One U. S. soldier, seeing her family’s despair, gave the family his ration of powdered milk and with that milk, the family saved their youngest child. Life emerged from the ash. International differences dissipated. That one man’s gesture built a bridge through time and insured a future for one woman, now humble before representatives, the first she’d had an opportunity to thank. If only she knew the soldier’s name, then surely his country would wish to thank him as well, she said. His family would have been so proud to know that their son saved a life while conquering a nation.
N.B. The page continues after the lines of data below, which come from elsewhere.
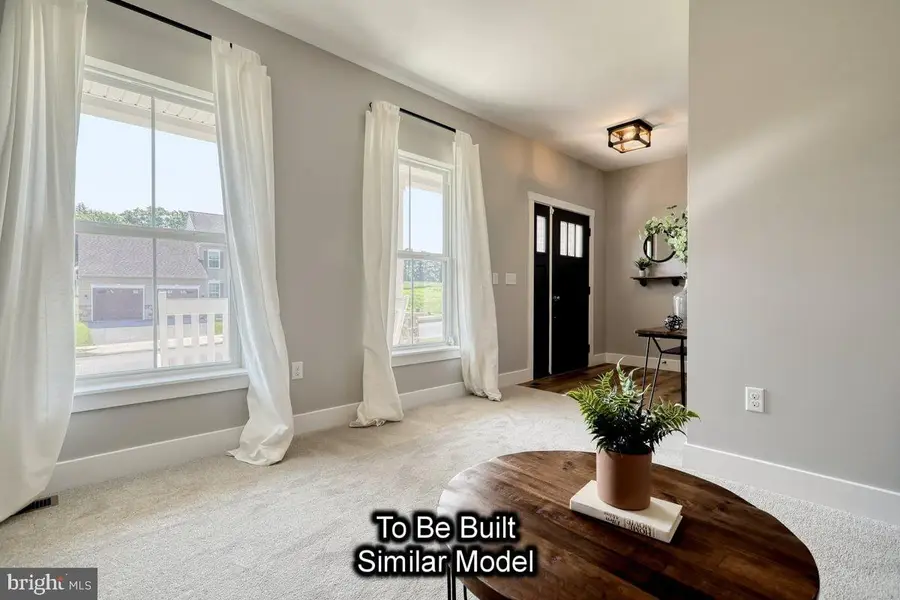 165 Woodlynn Dr #lot 10, Selinsgrove, PA 17870 - #3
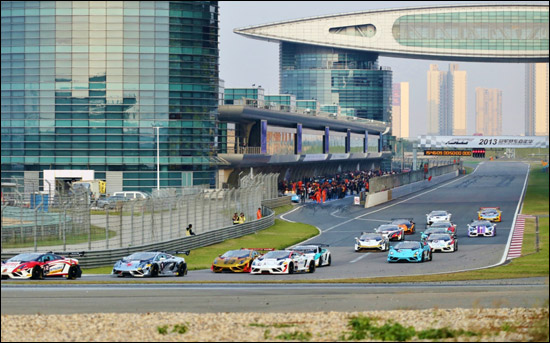 2013-Super-Trofeoսվʢ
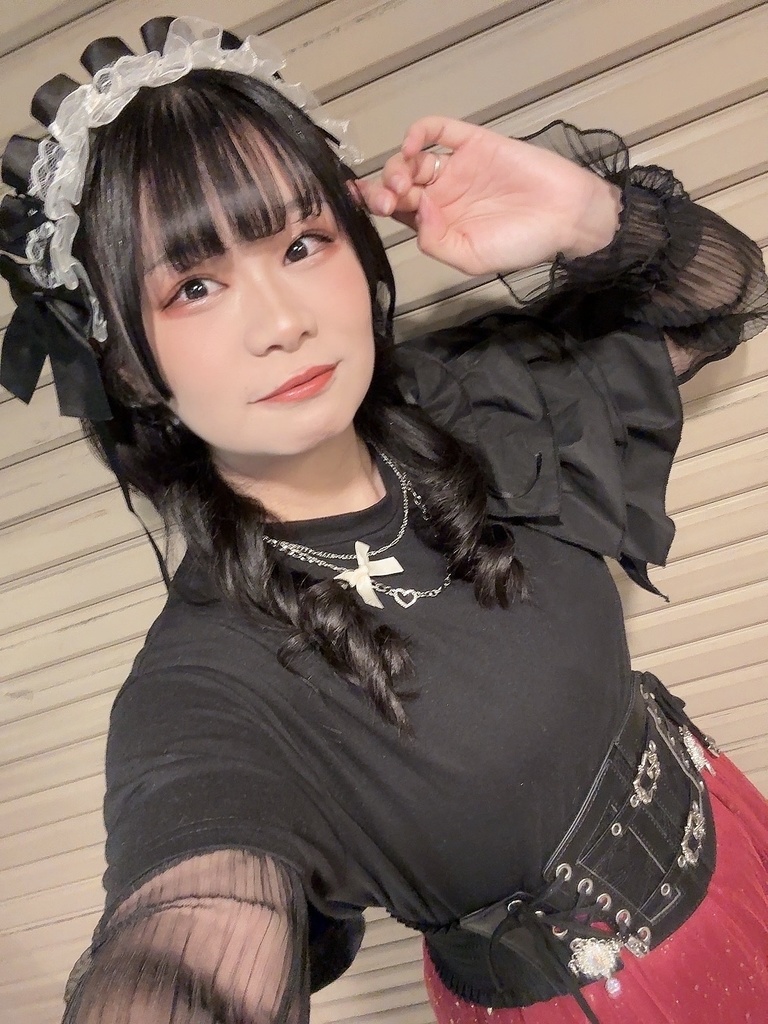 【11/1(土)】星乃沙奈 10th Anniversary 通販（チェキ）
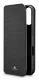 BlackRock Slim Folio #3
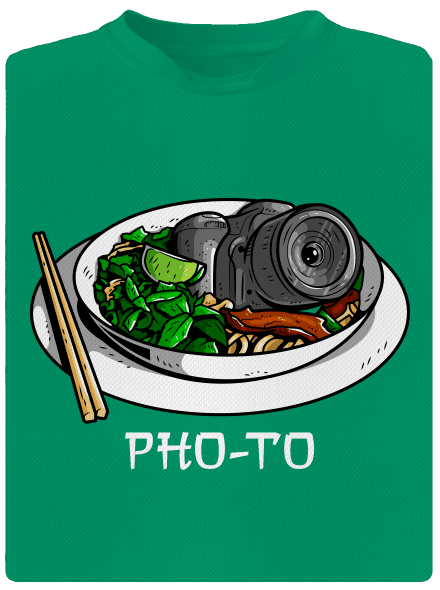 Pho-to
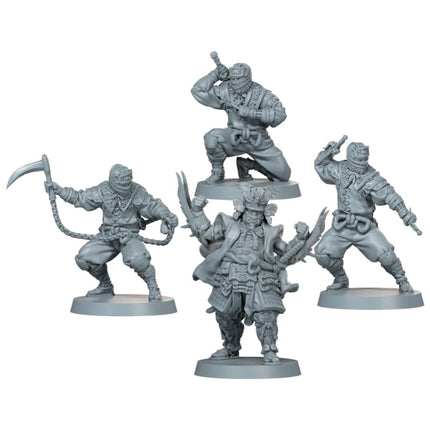 bordspellen-zombicide-white-death-tmnt-timecrash (1)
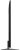 Телевизор TCL 65RM7L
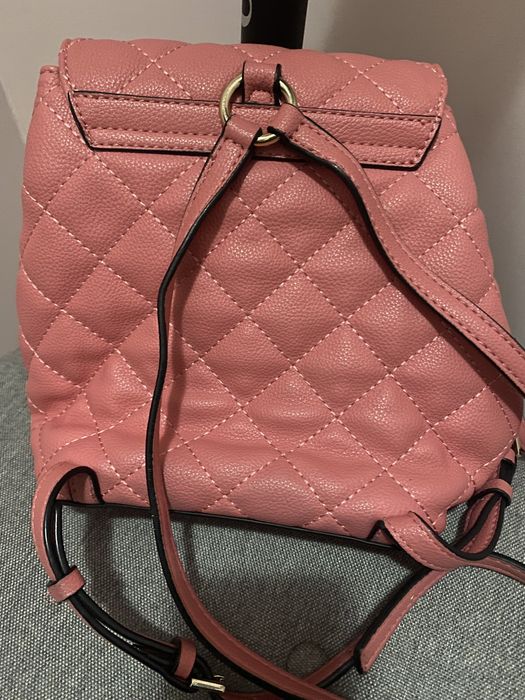 Rucsac Guess Gillian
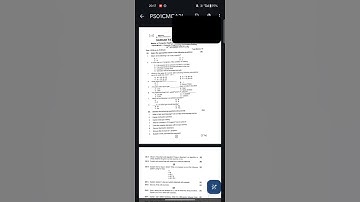 SARDAR PATEL UNIVERSITY MCA 1ST SEM C PROGRAMMING QUESTION PAPER 22ND NOV 2018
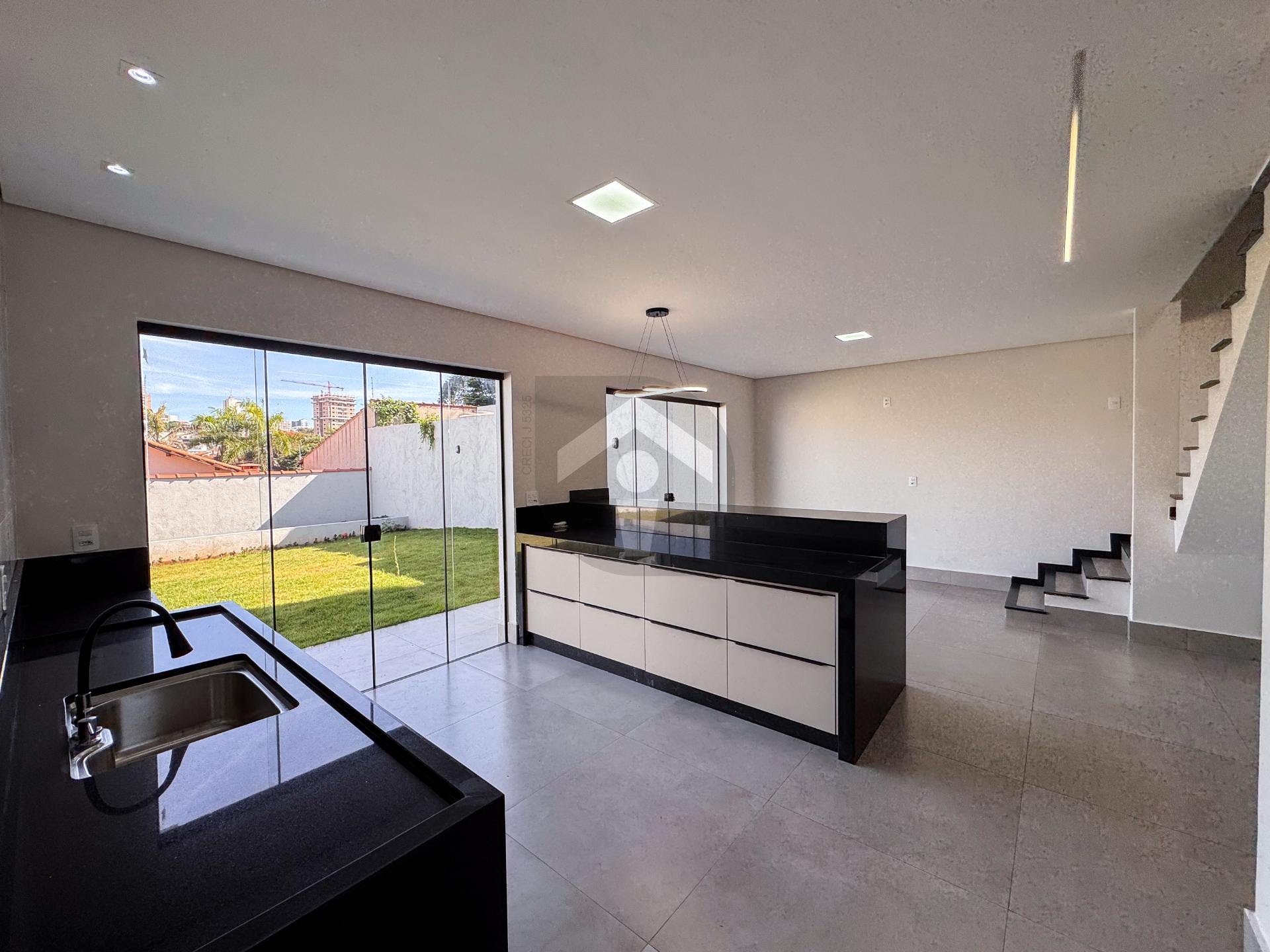 Casa, 4 quartos, 167 m² - Foto 48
And thus, I see that from inconsolable moments comes inspiration. Atticus Finch inspired his son. Those four young people killed in Ohio, initially vilified, have become icons for peaceable assembly. We continue to stumble and stagger toward that Constitution ideal, faltering recently during the Occupy eruptions in U. S. cities when a campus officer sprayed non-violent, non-threatening college kids with pepper spray. But the fact that we wrestle with causes that inspire passion and outrage is a testament to the very American desire for good governance. That’s inspirational.

Furthermore, the courage of firefighters and grieving parents in Oklahoma City restore my faith in all that thrives. These men and women prove that we are made of such stuff that we can not only endure, but overcome. May we always triumph in the end.